### Import libraries

In [1]:
from tensorflow.keras.layers import Dense, GlobalAveragePooling2D, Dropout, Flatten
from tensorflow.keras.models import Model, load_model
from tensorflow.keras.optimizers import Adam
from tensorflow.keras.callbacks import ModelCheckpoint, Callback
from keras_vggface.vggface import VGGFace
from sklearn.metrics import precision_score, recall_score, f1_score, accuracy_score

# using MTCNN for face detection and alignment
from mtcnn import MTCNN

# using dlib for face detection and alignment
from eye_alignment_multiple import align_faces	

import os
import cv2
import numpy as np
import tensorflow as tf
from tensorflow.keras.utils import to_categorical
import re
from sklearn.model_selection import train_test_split

### Use MTCNN for face detection and alignment (not recommended)

In [None]:
# run this if use MTCNN for face detection and alignment
face_detector = MTCNN()
print("Face detector model loded...")

In [None]:
# Lists to store images and labels
dataset_images = []
dataset_labels = []
label_map = {}  # Mapping of labels to indices
label_index = 0

def MTCNN_add_image(image_path):
    """Loads images and extracts embeddings for training."""
    global label_index

    root, _ = os.path.splitext(image_path)
    label = os.path.split(root)[-1]
    match = re.search(r"^(\w+)_", label)
    label = match.group(1)

    if label not in label_map:
        label_map[label] = label_index
        label_index += 1

    image = cv2.imread(image_path)
    image = cv2.cvtColor(image, cv2.COLOR_BGR2RGB)
    faces = face_detector.detect_faces(image) # use MTCNN for face detection and alignment

    if not faces:
        print(f"No face found in `{label}`, skipping.")
        return

    if len(faces) > 1:
        print(f"Multiple faces found in `{label}`, skipping.")
        return
    x, y, w, h = faces[0]["box"]
    x1, y1 = max(0, x), max(0, y)
    x2, y2 = min(image.shape[1], x + w), min(image.shape[0], y + h)

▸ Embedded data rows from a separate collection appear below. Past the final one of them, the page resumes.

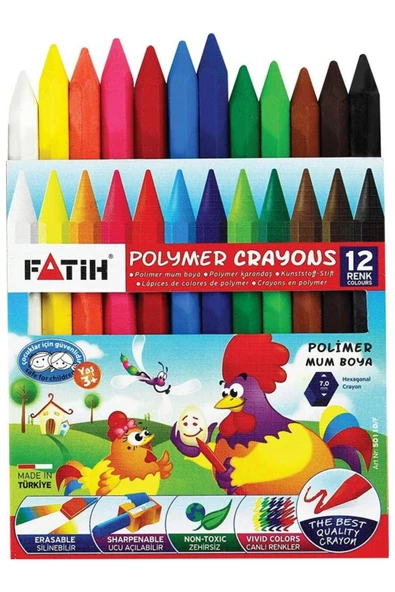 Fatih Polimer Mum Boya 12 Renk | Elleri Kirletmez Yıkanabilir Silinebilir Ucu Açılabilir - Resim 2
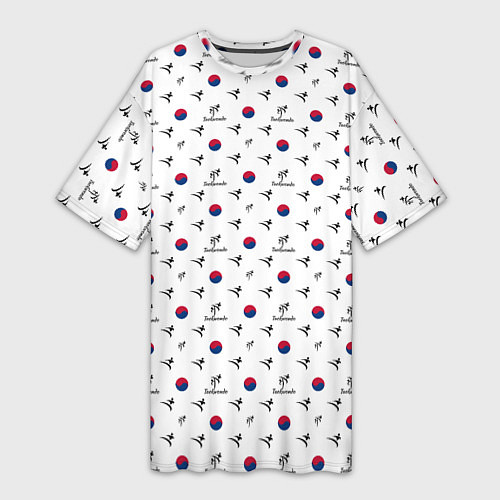 Женская длинная футболка Taekwondo / 3D-принт – фото 1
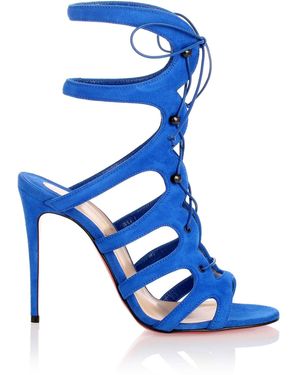 Christian Louboutin Amazoulo 100 Blue Suede Sandal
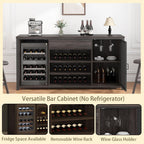 LVB Long Bar Cabinet with Fridge Space, Farmhouse Big Liquor Cabinet with Drawer Storage, Rustic Wood Metal Large Wine Cabinet with Rack, Modern Sideboard Buffet for Kitchen Dining Room, Gray, 70 Inch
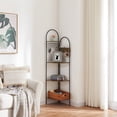 thumbnail image 4 of VECELO 5 Tier Corner Shelf Stand/Bookshelf with Hanging Hooks, 58 Inches Industrial Display Storage Rack with Metal Frame, Brown, 4 of 10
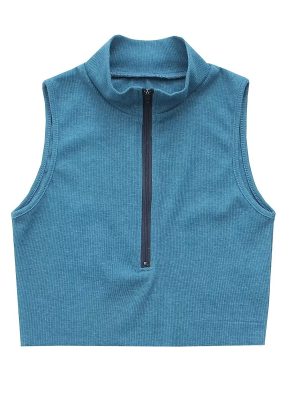 Spring Zipper Pullover Small Turtleneck Zipper Slim Fit Sexy Sleeveless T Shirt Top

    cropped_face = image[y1:y2, x1:x2]
    resized_face = cv2.resize(cropped_face, (224, 224))
    resized_face = resized_face.reshape(1, 224, 224, 3)

    dataset_images.append(resized_face)
    dataset_labels.append(label_map[label])

# Load images from dataset
for dir, _, files in os.walk("../Member Photos"):
    for file in files:
        MTCNN_add_image(os.path.join(dir, file))

dataset_images = np.array(dataset_images)
dataset_labels = np.array(dataset_labels)
dataset_labels = to_categorical(dataset_labels, num_classes=len(label_map))

print(f"Loaded {len(dataset_images)} images for training.")

### Use dlib for face detection and alignment (faster than MTCNN)

In [2]:
# Lists to store images and labels
dataset_images = []
dataset_labels = []
label_map = {}  # Mapping of labels to indices
label_index = 0

def dlib_add_image(image_path):
    """Loads images and extracts embeddings for training."""
    global label_index

    root, _ = os.path.splitext(image_path)
    label = os.path.split(root)[-1]
    match = re.search(r"^(\w+)_", label)
    label = match.group(1)

    if label not in label_map:
        label_map[label] = label_index
        label_index += 1

    image = cv2.imread(image_path)
    faces, bounding_boxes = align_faces(image)  # use dlib for face detection and alignment

    if not faces:
        print(f"No face found in `{label}`, skipping.")
        return

    if len(faces) > 1:
        print(f"Multiple faces found in `{label}`, skipping.")
        return

    resized_face = cv2.resize(faces[0], (224, 224))

    dataset_images.append(resized_face)
    dataset_labels.append(label_map[label])

# Load images from dataset
for dir, _, files in os.walk("../Member Photos"):
    for file in files:
        dlib_add_image(os.path.join(dir, file))

dataset_images = np.array(dataset_images)
dataset_labels = np.array(dataset_labels)
dataset_labels = to_categorical(dataset_labels, num_classes=len(label_map))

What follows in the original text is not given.